好在我那時候年輕,沒有為自己的失禮感到羞愧(壓根兒不懂禮),也沒有為遭到拒絕感覺尷尬(畢竟還年輕),只是覺得他那句話很滑稽:楊蘭春不清楚“戲”是啥東西,誰信呢?很長時間,我總認為,他找的這句推托之詞不高明。但隨著年齡增大,創作的經歷增多,我又覺得,他說的很可能是真心話。“戲”這東西,像個無底洞,初一見洞口,以為找到“戲”的真諦,當你進得門去,才知道它深不可測。越往裡走越黑,越往裡走心裡越迷茫。人在洞中深處,難言洞中風景,這其實是一種境界。楊蘭春不做詳細解釋,是他知道,我那時壓根還沒進洞,說也不懂。

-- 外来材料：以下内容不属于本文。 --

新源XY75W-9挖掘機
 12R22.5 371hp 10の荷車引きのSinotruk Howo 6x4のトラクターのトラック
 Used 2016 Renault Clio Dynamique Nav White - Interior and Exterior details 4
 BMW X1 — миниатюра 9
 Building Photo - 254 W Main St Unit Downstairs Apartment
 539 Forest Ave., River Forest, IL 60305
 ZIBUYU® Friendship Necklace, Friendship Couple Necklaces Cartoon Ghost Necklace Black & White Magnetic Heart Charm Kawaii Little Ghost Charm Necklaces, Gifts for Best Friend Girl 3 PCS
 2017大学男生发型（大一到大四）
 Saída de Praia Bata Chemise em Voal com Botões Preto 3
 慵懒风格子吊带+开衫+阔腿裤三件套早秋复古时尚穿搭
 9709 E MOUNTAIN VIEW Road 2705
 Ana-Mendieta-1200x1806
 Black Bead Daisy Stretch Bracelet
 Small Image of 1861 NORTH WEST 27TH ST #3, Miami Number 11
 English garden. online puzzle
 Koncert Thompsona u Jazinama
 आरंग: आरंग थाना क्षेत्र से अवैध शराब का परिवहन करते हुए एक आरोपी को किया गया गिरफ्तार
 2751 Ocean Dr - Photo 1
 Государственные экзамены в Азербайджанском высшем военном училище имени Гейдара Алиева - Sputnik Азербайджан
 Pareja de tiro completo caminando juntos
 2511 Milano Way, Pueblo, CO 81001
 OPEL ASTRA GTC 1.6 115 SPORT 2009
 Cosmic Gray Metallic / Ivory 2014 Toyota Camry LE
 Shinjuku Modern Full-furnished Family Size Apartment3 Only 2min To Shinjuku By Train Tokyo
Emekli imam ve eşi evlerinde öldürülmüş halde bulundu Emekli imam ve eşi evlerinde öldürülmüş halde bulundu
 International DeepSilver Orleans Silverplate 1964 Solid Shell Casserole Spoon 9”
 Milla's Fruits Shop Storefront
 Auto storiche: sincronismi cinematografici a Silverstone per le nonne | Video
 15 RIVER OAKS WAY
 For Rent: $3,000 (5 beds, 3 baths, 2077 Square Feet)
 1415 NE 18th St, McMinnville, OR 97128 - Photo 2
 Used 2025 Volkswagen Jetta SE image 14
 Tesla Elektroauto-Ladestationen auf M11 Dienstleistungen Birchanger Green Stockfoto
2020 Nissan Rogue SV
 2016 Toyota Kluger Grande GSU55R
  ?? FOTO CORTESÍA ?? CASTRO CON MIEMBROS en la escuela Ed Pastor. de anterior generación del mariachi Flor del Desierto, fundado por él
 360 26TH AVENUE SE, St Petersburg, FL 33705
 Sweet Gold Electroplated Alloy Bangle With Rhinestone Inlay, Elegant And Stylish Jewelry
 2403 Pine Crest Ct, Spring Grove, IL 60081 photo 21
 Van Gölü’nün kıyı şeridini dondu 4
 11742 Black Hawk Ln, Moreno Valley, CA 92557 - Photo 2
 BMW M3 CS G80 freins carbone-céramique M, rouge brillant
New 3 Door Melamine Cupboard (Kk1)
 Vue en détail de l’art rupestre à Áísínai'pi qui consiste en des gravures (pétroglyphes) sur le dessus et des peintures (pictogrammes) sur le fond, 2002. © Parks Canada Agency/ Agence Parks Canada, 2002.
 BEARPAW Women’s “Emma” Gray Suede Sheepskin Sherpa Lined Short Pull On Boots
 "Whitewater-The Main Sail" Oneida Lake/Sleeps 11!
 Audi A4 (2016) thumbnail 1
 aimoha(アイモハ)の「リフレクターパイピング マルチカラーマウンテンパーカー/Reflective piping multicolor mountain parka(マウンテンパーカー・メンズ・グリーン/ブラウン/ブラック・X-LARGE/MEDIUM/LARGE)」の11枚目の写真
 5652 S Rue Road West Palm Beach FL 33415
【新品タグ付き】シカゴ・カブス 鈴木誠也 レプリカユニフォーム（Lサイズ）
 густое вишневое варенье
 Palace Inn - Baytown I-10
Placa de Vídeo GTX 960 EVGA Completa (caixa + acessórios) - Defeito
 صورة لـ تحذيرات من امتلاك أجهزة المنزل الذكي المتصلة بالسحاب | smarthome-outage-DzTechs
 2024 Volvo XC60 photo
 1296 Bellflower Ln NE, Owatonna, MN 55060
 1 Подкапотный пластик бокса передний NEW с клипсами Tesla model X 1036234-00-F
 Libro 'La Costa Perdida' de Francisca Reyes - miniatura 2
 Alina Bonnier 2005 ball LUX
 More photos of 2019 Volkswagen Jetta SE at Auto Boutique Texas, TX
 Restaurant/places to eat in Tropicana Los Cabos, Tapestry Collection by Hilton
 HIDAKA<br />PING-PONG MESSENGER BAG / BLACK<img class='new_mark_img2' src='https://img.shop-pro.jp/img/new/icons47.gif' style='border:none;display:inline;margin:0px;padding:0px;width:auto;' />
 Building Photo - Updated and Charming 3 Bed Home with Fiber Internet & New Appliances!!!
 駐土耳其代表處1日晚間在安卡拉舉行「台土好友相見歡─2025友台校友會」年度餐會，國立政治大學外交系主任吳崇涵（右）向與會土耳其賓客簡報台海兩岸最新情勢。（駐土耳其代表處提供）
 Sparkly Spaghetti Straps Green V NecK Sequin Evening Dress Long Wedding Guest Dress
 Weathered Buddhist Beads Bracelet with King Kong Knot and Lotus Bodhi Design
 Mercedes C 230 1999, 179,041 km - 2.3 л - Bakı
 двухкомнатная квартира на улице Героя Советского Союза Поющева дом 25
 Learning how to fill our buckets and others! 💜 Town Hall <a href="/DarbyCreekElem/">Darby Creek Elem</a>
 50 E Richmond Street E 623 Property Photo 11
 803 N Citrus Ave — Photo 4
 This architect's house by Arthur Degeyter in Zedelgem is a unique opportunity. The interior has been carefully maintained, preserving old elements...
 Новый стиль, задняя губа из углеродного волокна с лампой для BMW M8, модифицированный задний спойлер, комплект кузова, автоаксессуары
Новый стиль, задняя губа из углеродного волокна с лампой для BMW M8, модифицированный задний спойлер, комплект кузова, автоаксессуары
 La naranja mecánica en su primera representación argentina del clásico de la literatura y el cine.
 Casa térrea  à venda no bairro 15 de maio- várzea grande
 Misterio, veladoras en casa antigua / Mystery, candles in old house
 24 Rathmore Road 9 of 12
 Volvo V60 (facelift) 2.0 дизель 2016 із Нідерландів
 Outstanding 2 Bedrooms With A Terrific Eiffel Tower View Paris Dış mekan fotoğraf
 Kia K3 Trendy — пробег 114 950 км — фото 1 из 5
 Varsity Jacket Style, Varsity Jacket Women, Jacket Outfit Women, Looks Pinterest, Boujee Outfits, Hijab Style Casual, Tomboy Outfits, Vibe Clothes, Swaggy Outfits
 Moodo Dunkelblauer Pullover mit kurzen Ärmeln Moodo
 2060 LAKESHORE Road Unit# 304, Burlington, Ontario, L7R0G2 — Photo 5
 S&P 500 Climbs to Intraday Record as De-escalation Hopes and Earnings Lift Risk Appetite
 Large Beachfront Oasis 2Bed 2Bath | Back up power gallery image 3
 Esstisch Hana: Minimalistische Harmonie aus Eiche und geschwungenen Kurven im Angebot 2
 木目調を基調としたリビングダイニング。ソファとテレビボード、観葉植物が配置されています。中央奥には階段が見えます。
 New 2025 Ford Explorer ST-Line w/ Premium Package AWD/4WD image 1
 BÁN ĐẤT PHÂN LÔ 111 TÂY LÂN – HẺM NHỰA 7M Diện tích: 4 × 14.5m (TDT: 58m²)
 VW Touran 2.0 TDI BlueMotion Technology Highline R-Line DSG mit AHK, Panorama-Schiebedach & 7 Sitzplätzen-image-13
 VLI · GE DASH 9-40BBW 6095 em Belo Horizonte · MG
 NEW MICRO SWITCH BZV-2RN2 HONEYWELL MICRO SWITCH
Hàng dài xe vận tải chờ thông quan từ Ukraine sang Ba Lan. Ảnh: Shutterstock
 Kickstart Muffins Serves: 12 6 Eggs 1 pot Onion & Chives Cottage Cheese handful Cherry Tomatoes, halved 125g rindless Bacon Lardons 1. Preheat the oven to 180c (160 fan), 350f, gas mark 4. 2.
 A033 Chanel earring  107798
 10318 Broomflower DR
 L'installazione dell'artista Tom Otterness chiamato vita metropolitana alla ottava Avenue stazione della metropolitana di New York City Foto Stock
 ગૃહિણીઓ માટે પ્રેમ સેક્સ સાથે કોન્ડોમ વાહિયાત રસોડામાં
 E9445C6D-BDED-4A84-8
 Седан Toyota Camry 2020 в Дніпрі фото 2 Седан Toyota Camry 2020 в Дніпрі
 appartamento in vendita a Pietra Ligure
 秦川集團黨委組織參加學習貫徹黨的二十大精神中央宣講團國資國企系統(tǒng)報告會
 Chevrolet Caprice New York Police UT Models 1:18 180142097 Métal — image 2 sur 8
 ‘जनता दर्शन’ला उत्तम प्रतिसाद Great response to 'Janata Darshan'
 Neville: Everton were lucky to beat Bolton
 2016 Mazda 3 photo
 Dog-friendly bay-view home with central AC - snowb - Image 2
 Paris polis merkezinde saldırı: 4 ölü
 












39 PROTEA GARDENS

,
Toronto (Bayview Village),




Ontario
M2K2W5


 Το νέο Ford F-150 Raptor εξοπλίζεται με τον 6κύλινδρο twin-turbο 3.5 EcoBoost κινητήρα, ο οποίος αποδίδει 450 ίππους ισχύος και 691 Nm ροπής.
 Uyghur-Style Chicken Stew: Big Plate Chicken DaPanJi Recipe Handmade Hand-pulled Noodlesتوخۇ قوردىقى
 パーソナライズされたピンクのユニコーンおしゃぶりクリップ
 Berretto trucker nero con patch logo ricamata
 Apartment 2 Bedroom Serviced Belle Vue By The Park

多年以後,我把這次“拜訪”經歷,講給三團一位老演員聽。他最驚訝的是,楊蘭春竟然沒罵我!按常理,他該罵我個狗血噴頭的。楊蘭春的脾氣不好,愛罵人。這也是出了名的。特別是在排練場,無論是誰,忘詞了,唱錯了,動作沒做好,表演不到位。都難逃他一頓臭罵。而且,他是跺著腳罵。我問老演員,會覺得委屈麼?他說不會。我又問,會有人反犟麼?他反問誰敢?他說,在他們這一代演員的心目中,楊蘭春是編劇,是導演,更是大哥。罵你,是為你好,為戲好。對於老演員這番話,我既認同也不認同。不管咋說,罵人總是不好。不過,楊蘭春和這些演員之間能夠口無禁忌,既說明了彼此的親近,雙方情分,也說明了演員們對楊蘭春藝術權威的依賴和信任。也許,正是因為有了這些,才會有獨樹一幟的豫劇三團;才會有三團獨特的演出風格;才會有高潔、馬琳、魏雲、王善樸、柳蘭芳等一大批豫劇現代戲表演藝術家;才會有《朝陽溝》《李雙雙》《劉胡蘭》《杏花營》《好隊長》《朝陽溝內傳》等等一系列豫劇現代戲經典劇目的誕生。

楊蘭春是個“怪”老頭,這在河南戲劇界,是眾所周知的。有許多傳說,至今還在流傳。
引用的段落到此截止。